A few days afterward the countess sought her son. She had no grounds for what she said, but she imagined herself speaking the truth.

"Lance," she said, "I have good news for you. That tiresome little affair of yours is all settled, and there will be no need for us ever to mention the subject again. The girl has consented to take the thousand a year, and she--she is happy and content."

He looked at her with haggard eyes.

"Happy and content, mother?" he said. "Are you quite sure of that?"

"Sure as I am that you, Lance, are one of the most fortunate men in this world. Now take my advice, and let us have no more mention of the matter. I am tired of it, and I am sure that you must be the same. Try from this time to be happy with Lady Marion, and forget the past."

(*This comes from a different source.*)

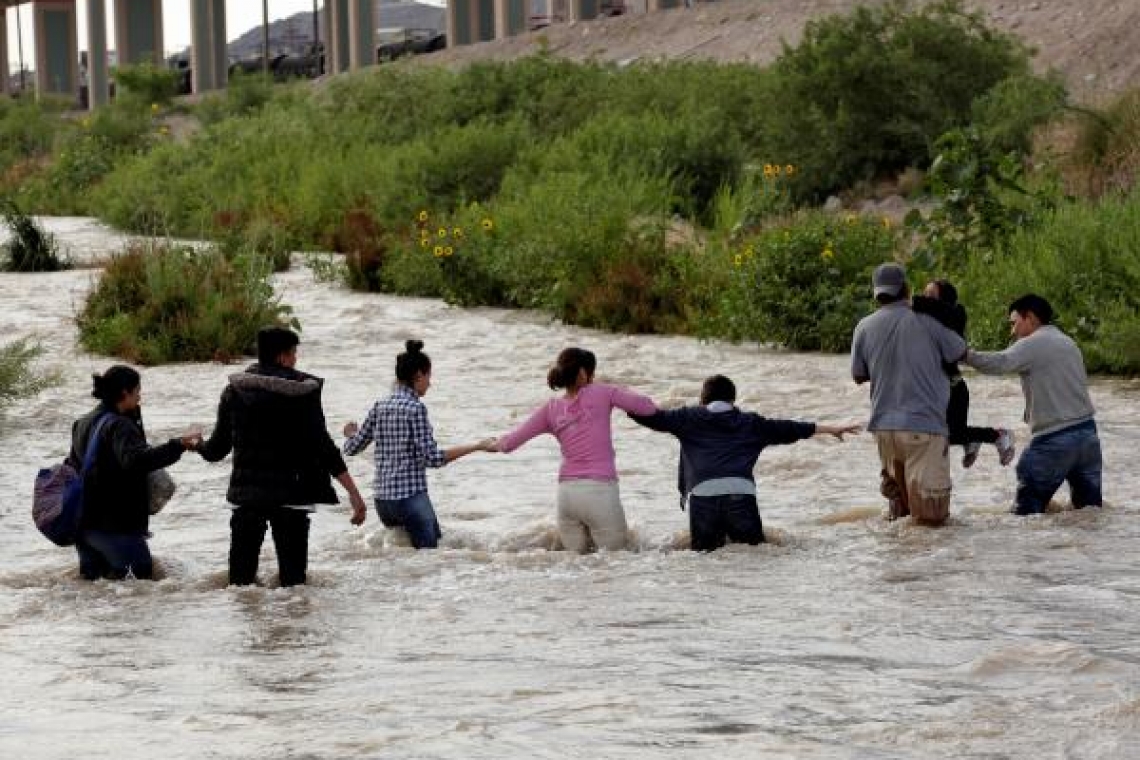 La tragedia de los migrantes con rumbo a EE.UU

Did he forget it? No one ever knew. He never had the same light in his eyes, the same frank, free look on his face, the same ring in his laugh; from that day he was a changed man. Did he think of the fair young girl, whose pa.s.sionate heart and soul he had woke into such keen life? Did he think of the mill-stream and the ripple of the water, and the lines so full of foreboding:

"The vows are all forgotten, The ring asunder broke."

Ah, how true Leone's presentiment had been! The vow was forgotten, the ring broken, the pretty love-story all ended. He never dared to ask any questions from his mother about her; he turned coward whenever the English letters were delivered; he never dared to think about her, to wonder how she had taken this letter, what she had thought, said, or done. He was not happy. Proud, ambitious, mercenary, haughty as was the Countess of Lanswell, there were times when she felt grieved for her son. It was such a young face, but there was a line on the broad, fair brow; there was a shadow in the sunny eyes; the music had gone out from his voice.

"Marion will soon make it all right," said the proud, anxious, unhappy mother; "there will be nothing to fear when once they are married."

Lady Marion was the most gentle and least exacting of all human beings, but even she fancied Lord Chandos was but a poor wooer. He was always polite, deferential, attentive, and kind; yet he seldom spoke of love.